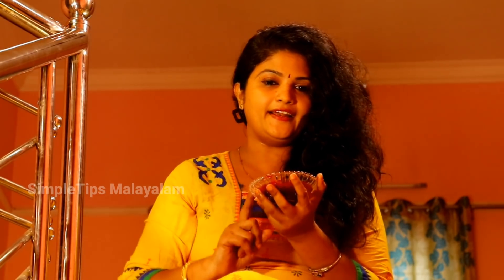Hi friends, welcome back to Zimple Tips Malayala. In today's video, I am going to show you an all-in-one remedy. This is a cream.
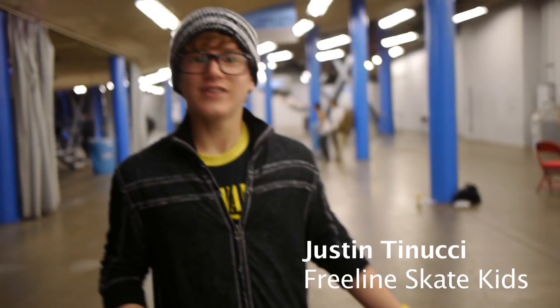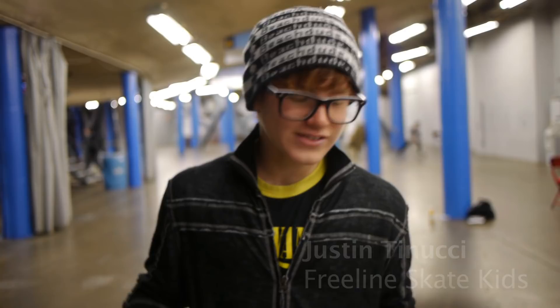I'm Justin Tanucci, from Santa Clarita. These are called Freeline Skates. It's like a skateboard, but one separate for each of your feet.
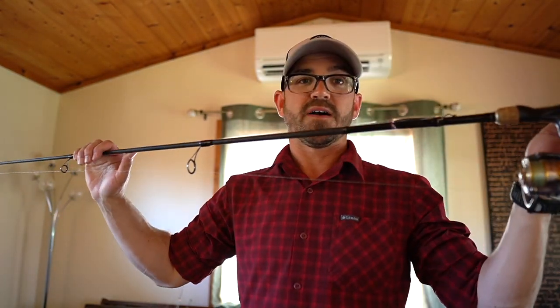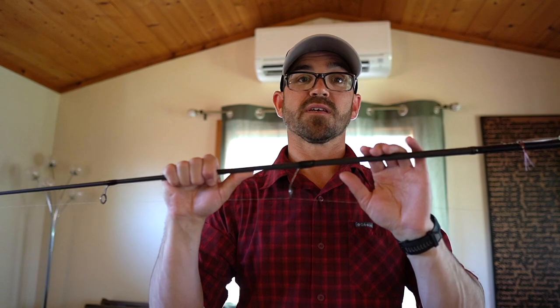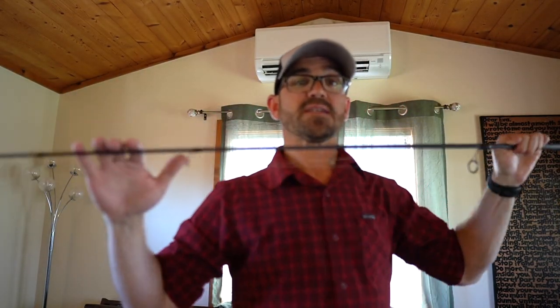Contrast this with my graphite kokanee jigging rod. When I'm jigging I'm oftentimes jigging kokanee at extreme depths of 60 to 100 plus feet. I need something that has good hook setting power, and that's why I want a fast action graphite rod. Graphite is stiffer and it's going to help me drive that hook home even though that fish is 100 feet below me. Any medium-light action power drop shot bass rod is a perfect kokanee jigging rod because they tend to have a very fast action tip — very sensitive so you can feel the bite — and pretty good power down in the base for helping to drive that hook home.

» **Exercise description**: Could you copy the data above exactly, leaving the pictures out?

» **Solution for this problem**:
Hi friends, welcome back to Zimple Tips Malayala. In today's video, I am going to show you an all-in-one remedy. This is a cream.
I'm Justin Tanucci, from Santa Clarita. These are called Freeline Skates. It's like a skateboard, but one separate for each of your feet.
Contrast this with my graphite kokanee jigging rod. When I'm jigging I'm oftentimes jigging kokanee at extreme depths of 60 to 100 plus feet. I need something that has good hook setting power, and that's why I want a fast action graphite rod. Graphite is stiffer and it's going to help me drive that hook home even though that fish is 100 feet below me. Any medium-light action power drop shot bass rod is a perfect kokanee jigging rod because they tend to have a very fast action tip — very sensitive so you can feel the bite — and pretty good power down in the base for helping to drive that hook home.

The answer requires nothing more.